Cosmetic changes in the Department, i.e., the replacement of Carter liberals by Reagan conservatives on Advisory Boards, and the removal of a few controversial programs from the National Diffusion Network (NDN),etc., temporary changes which will disappear should there be a change in administrations, are of little or no significance. The abolition of the NDN, the federal government’s transmission belt for federally-funded(developed) and evaluated programs, many of which deal with social change, and the abolition of the National Institute of Education (NIE), the left-wing education thinktank (I know since I carefully went through many of its project files while on a 2-month detail to NIE), were essential steps for your administration to take. Why was this not done? Not only is the NDN securely in place, its federal control over curriculum (federal bureaucrats evaluate programs before they can go into the NDN), has been strengthened by moving it into the Regional Offices where it is in an even better position to compete with the private sector in the business of selling its federally-supported products. Why is it that the highly-principled and respected NIE Director, Edward Curran, was forced to resign due to his courageous letter to you recommending that NIE be abolished, when you, Mr. President, promised the voters you would abolish the whole Department of Education, in which case NIE would have disappeared?

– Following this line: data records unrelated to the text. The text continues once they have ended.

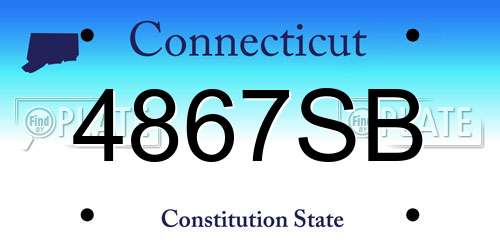 4867SB Connecticut License Plate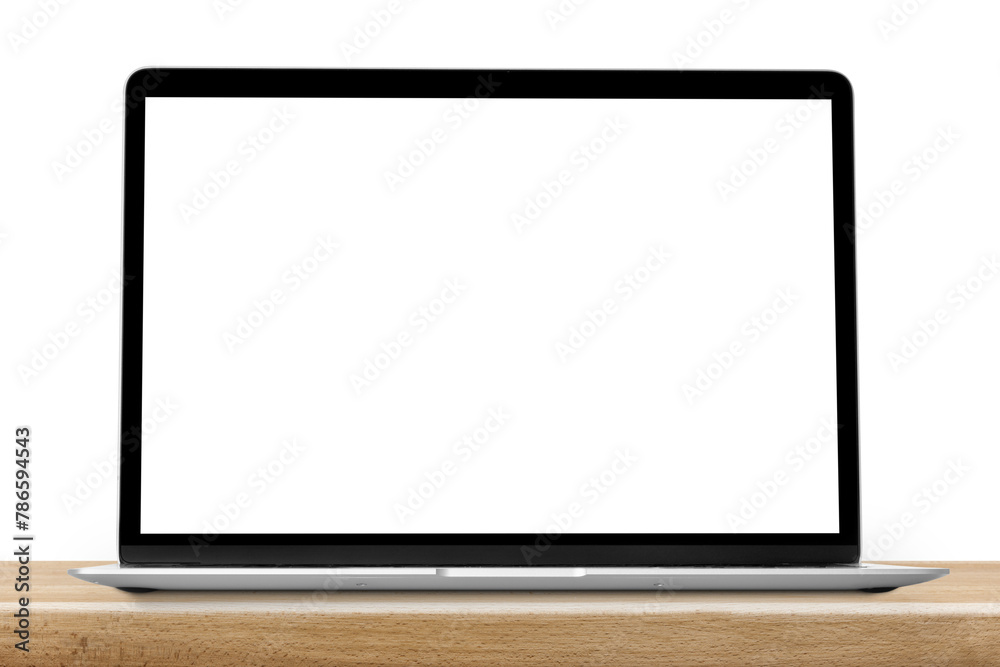 modern laptop computer isolated on the desk modern laptop computer isolated on the desk
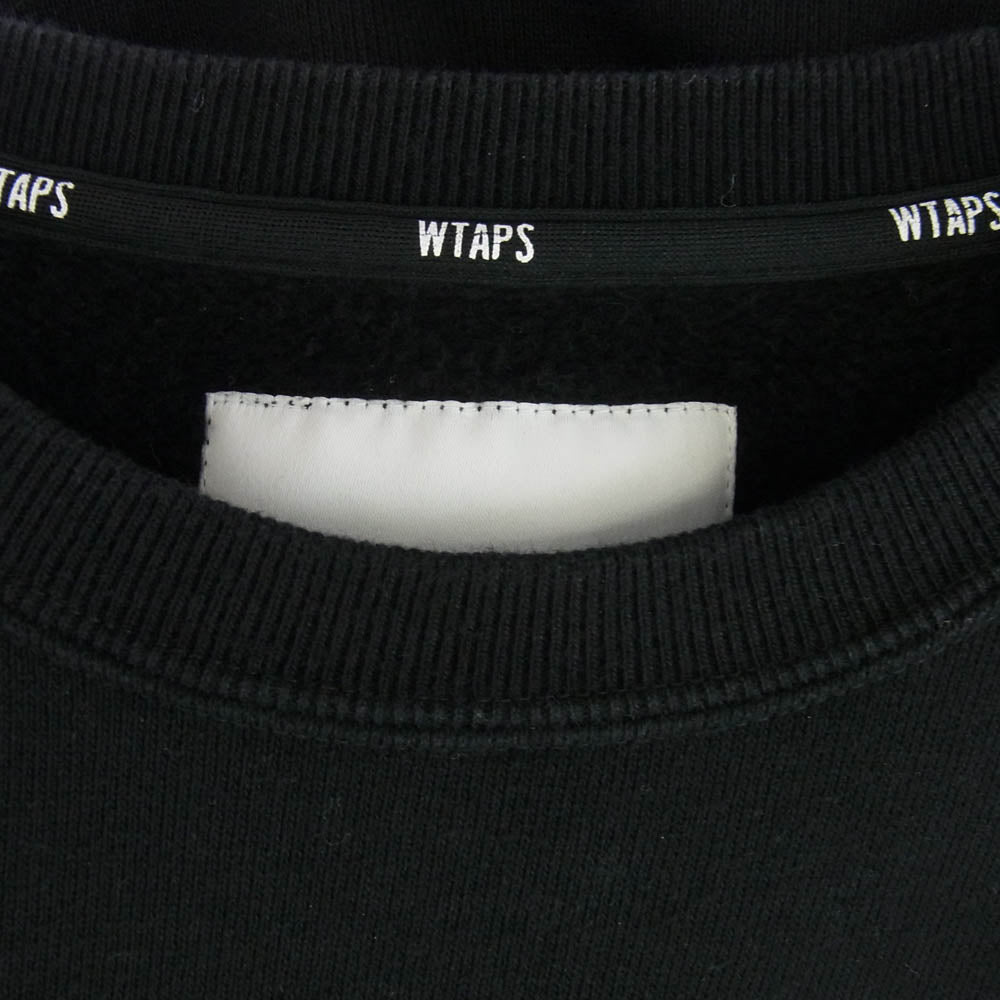 WTAPS ダブルタップス 24AW 242ATDT-CSM22 SIGN 02 SWEATER COTTON サイン スウェット コットン クルーネック トレーナー スウェット ブラック ブラック系 2【中古】
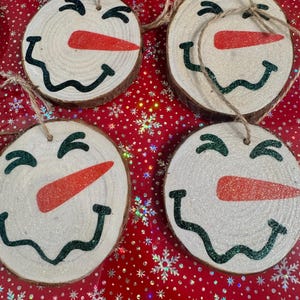 Snowmen Wooden Christmas Ornaments
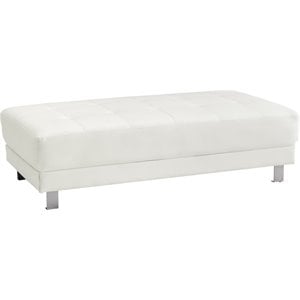 Glory Furniture Riveredge Faux Leather Milan Ottoman in White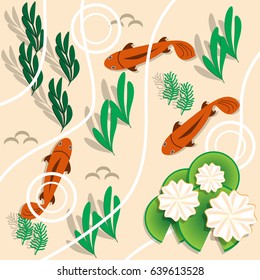 Lake in which the fish swim. Top view. Vector illustration.
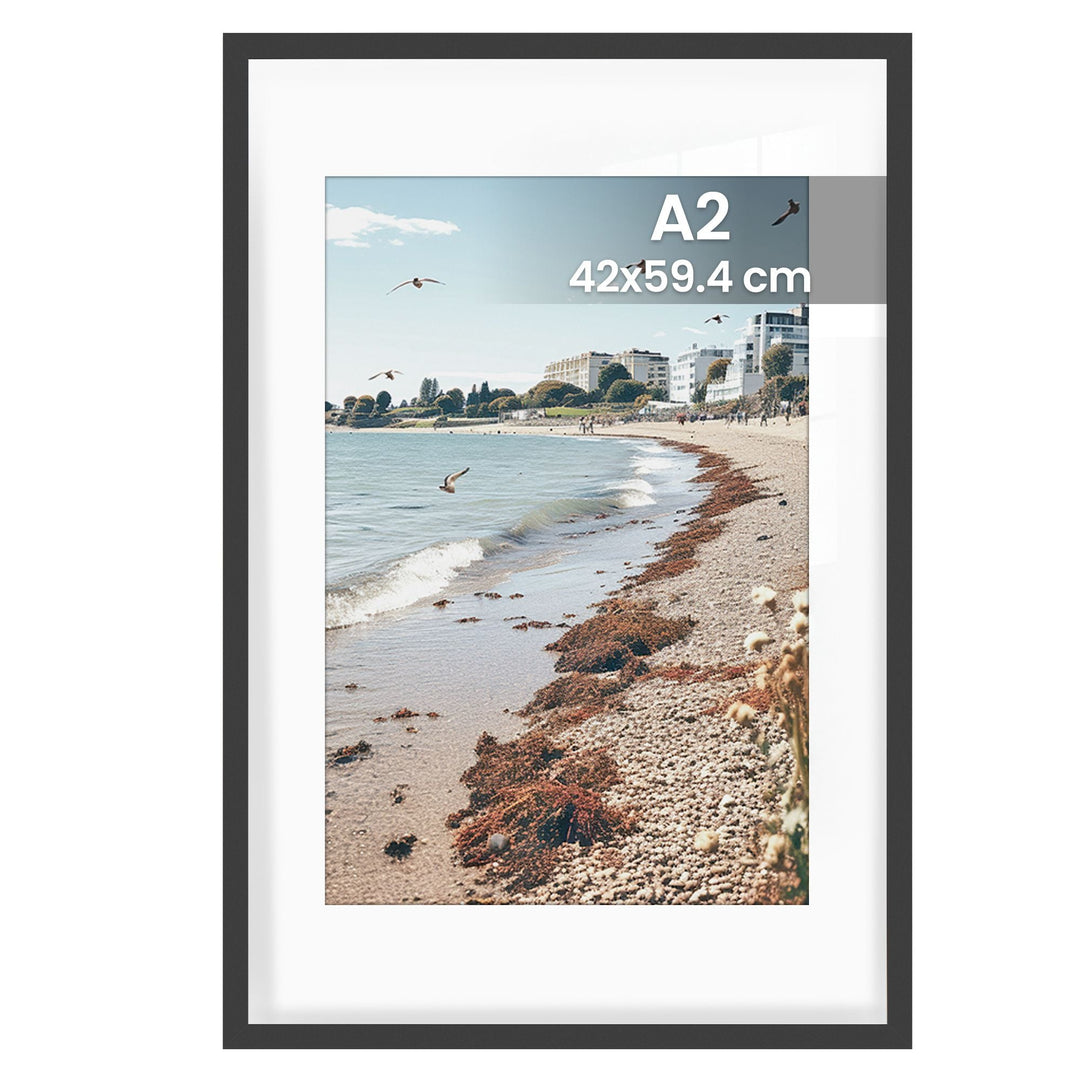 Bilderrahmen A4 im 3er Set aus PVC | Schwarze Fotorahmen zum Aufhängen und Aufstellen | Mit Wandhaken für Fotos und Kunstdrucke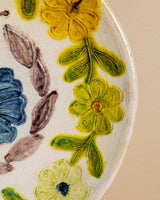 Vietri Hand-Painted Floral Ceramic Plate, Italy, Mid-20th Century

I am sure that if you could see how NIE wastes taxpayers’ money on silly and controversial social change projects that support the growth of the very educational establishment you pledged to cut back (most of which includes organizations which lobbied against your pro-posed education cuts), you would be very upset over the decision, taken while you were in Europe, to request Mr.Curran’s resignation. You would undoubtedly initiate an investigation of exactly what Secretary Bell is up to in”his” Department of Education, as opposed to what he leads the public to believe as a result of his speeches, etc.Plans for education in the eighties to which I have access, could not possibly please the Ronald Reagan I have come to admire, support, and believe in over the years.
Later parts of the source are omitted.